If our species does flee into the colder reaches of space by then, we might be able to keep from freezing to death. Korea has done the seemingly impossible by running its artificial sun nuclear fusion reactor, Korea Superconducting Tokamak Advanced Research (KSTAR) at a scorching 212 million degrees Fahrenheit for 20 seconds. That is the same temperature as the core of the Sun—its hottest part. Maybe 20 seconds doesn’t seem like much, but for a technology we're just starting to get a grip on, this is huge.
“In its 2020 experiment, the KSTAR improved the performance of the Internal Transport Barrier (ITB) mode, one of the next-generation plasma operation modes developed last year, and succeeded in maintaining the plasma state for a long period of time, overcoming the existing limits of the ultra-high-temperature plasma operation,” said KSTAR authorities in a statement.
Think of a tokamak as a power plant on steroids. Instead of using fossil fuels or nuclear fission (the splitting of atomic nuclei) to generate power, it uses nuclear fusion (the smashing together of atomic nuclei) to generate energy. Nuclear fusion is possible when the nuclei of two elements with a low number of protons merge to form the nucleus of a heavier element that can release more energy. Tokamaks have a toroidal (donut-shaped) chamber where nuclear fusion happens, and its walls absorb the heat that is released. The tokamak will then use turbines and generators to turn this heat into steam, which will eventually be morphed into electricity.
Nuclear fusion also occurs in the innards of stars like our Sun. Those giant balls of plasma rely on this reaction to fuse hydrogen atoms into helium, releasing energy in gargantuan amounts. Stars that have fused all their hydrogen into helium burn out.

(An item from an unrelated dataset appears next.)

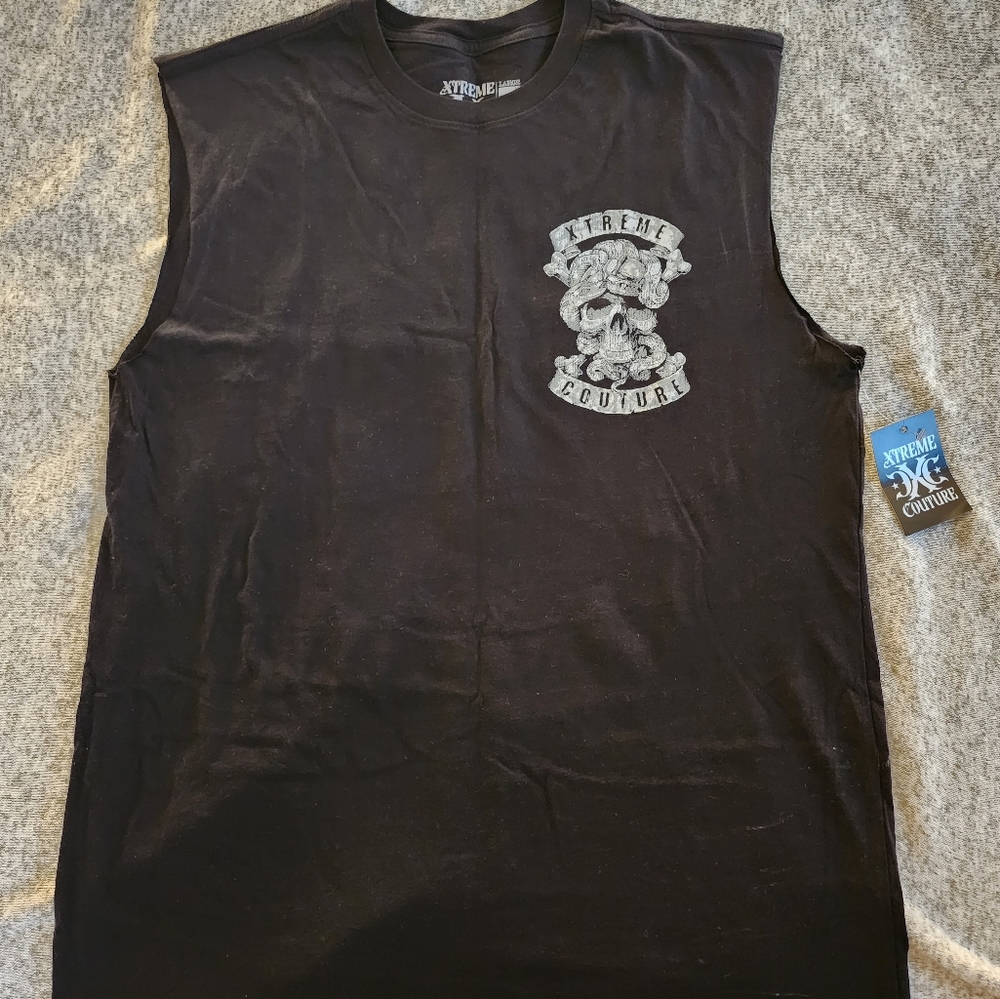 Xtreme couture tank top (affliction)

KSTAR is operated by the Korean Institute of Fusion Energy (KFE) and first succeeded at nuclear fusion in 2008. Since then, it has only been advancing further and further into a sci-fi future. The millions of parts that make up KSTAR will eventually be integrated into the international ITER project, which seeks to create the largest tokamak ever. This reactor will ignite between 2030 and 2035 if everything goes as planned. Working with KSTAR has given Korea an edge in advising the assembly of and experimentation with ITER. It has already built segments of the ITER vacuum vessel, which protects the toroidal chamber in which reactions happen.
Korea is also currently building the massive tools for assembling the sections of ITER, and will also be responsible for making the thermal shields for the reactor’s monster magnets. It also improved a next-gen plasma operation mode that was just developed last year. Internal Transport Barrier, or ITB, mode. ITBs are areas of plasma in the center of a reactor where turbulence can be stopped or at least reduced. Putting a tokamak into ITB mode confines plasma and improves stability.
Having control over ITB helps extend the stretch of time that plasma stays heated, which is why scientists are using computer models to figure out how to get the most out of it. What they are especially looking for is the exact place where the most sought-after state of plasma occurs. This state, known as turbulence transport, is when chaos in the flow of plasma within a reactor helps regulate the overall state of the plasma. KSTAR was able to go over and above that with its record 20 seconds of heat to rival the guts of the sun. It should be able to stay at that temperature for at least 300 seconds in another five years.
Maybe KSTAR has a way to go before it gets as hot as the average supernova, which can soar up to a billion degrees, but being able to pull off the temperature of the hottest thing in the solar system is nothing short of mind-blowing.